The Biden campaign is counting on support from college educated voters, but even among these voters, they have significant work ahead. 

Do Voters Connect Learning Loss and Grade Inflation?

Inspired by the headlines about elite colleges bringing back their standardized testing requirements (with Brown joining the list last week) we have been focused on issues related to tests and grade inflation. This week, we look at grade inflation through a slightly different lens, analyzing the extent to which voters connect grade inflation with pandemic-related learning loss. Data from the latest survey for Winning the Issues (February 24-25) suggests that, for many voters, grade inflation and learning loss are linked. 

Overall, when voters were asked where they think students currently are in their learning, given the school closures during the pandemic, 57% say they are at least somewhat behind (30% somewhat behind, 27% significantly behind). Another 27% said students are only slightly behind, with about 1 in 10 (11%) saying they are not behind at all. 

Though there has been some fall-off in the share of voters saying students are significantly behind, the current number is not far off from where it was in April 2023 when we asked the question last (29% significantly behind, 31% somewhat behind, 22% slightly behind, 9% about where they would normally have been). 

Views about the extent to which students are behind are somewhat related to views about grade inflation. Among those who say that students are significantly behind, 72% say that grade inflation is a widespread problem. But even among those who think students are doing just fine, only 16% say grade inflation is not a problem at all (26% widespread problem, 30% an isolated problem).

Only about 1 in 5 voters (19%) say both that grade inflation is a widespread problem and that students are significantly behind because of the pandemic. 

How Widespread Is Grade Inflation?

A topic we have been keeping a close eye on in the last several months is standardized tests in college admissions.

A key reason many of the colleges chose to reinstate the testing requirement is that test scores tend to be better predictors of academic success than grades alone. It is likely that this stronger relationship for test scores than grades is at least partly due to grade inflation. 
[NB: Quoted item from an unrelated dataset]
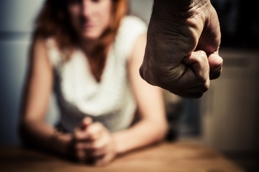 Man approaching woman with a fist - Bay Area Domestic Violence Defense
But how big of a problem to voters think grade inflation is? Data from the latest survey for Winning the Issues (February 24-25) sheds some light. Overall, 47% of voters say that grade inflation in US high schools is “a widespread problem,” with 22% calling it “an isolated problem” and 6% saying it is not a problem at all. By party, a majority of Republicans (53%), nearly one in two independents (48%) and 40% of Democrats also call it a widespread problem. Among parents, 47% call it a widespread problem.
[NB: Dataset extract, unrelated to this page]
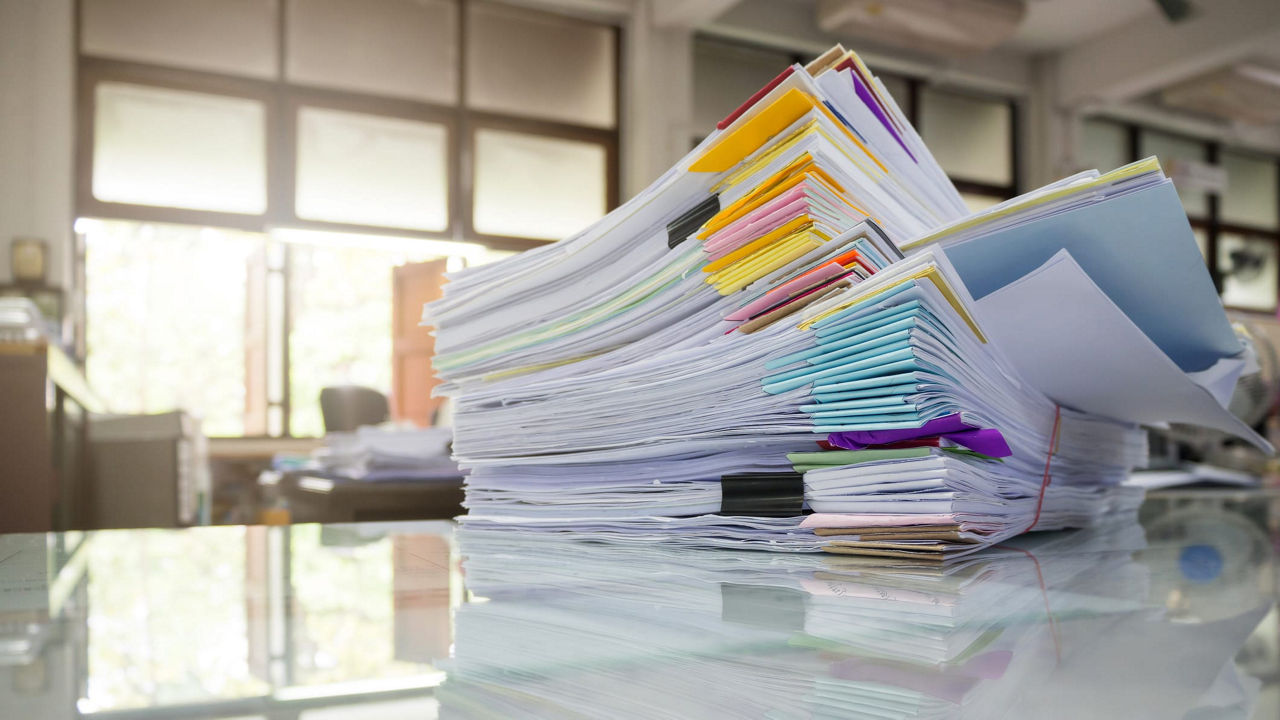 A stack of papers on a table in an office.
The shares calling it a widespread problem have grown at least slightly since we last asked the question about a year and a half ago. On the July 2022 survey, 40% of voters overall called it a widespread problem, as did 50% of Republicans and 37% of Democrats. Parents saw a larger growth in the share calling it a widespread problem, going from 39% to 47%. But the group with the largest growth was independents. In 2022, 33% called it a widespread problem, a 15-point difference from where they are presently (48%).
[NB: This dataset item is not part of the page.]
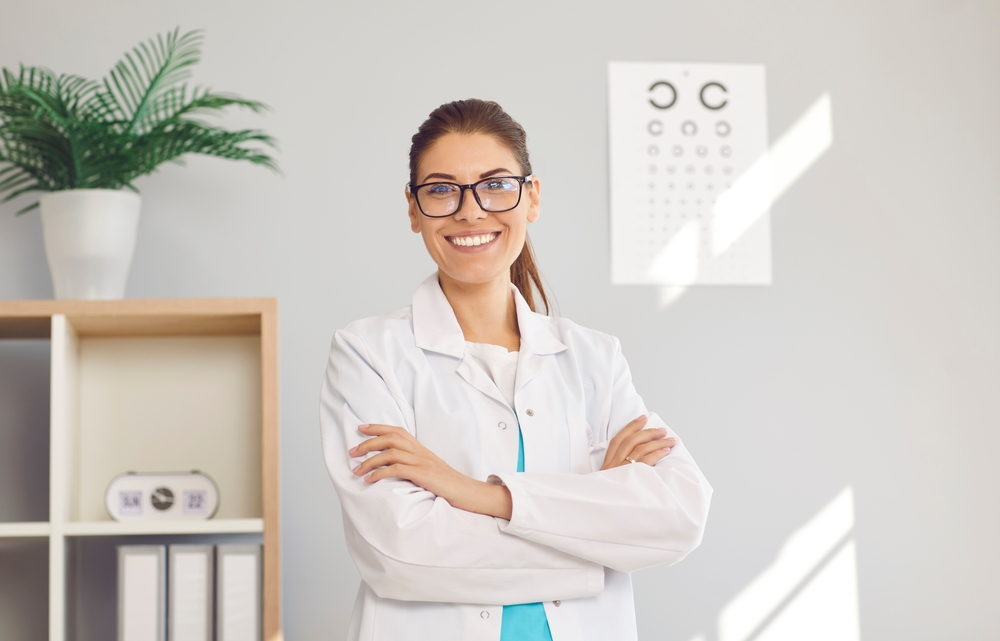 Portrait of happy young Caucasian female optician in white medical uniform pose in optics salon.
Clearly, voters are becoming more aware of an issue that has become an area of focus for education researchers. Our January 29 Emerging Issues newsletter looked at two recent studies showing a weakening relationship between grades and test scores since the pandemic. But grade inflation was an issue even before Covid. As the University of California faculty senate report, dated January 2020 found, “Grade inflation is part of why the predictive power of HSGPA [high school grade point average] has decreased since the last UC study.”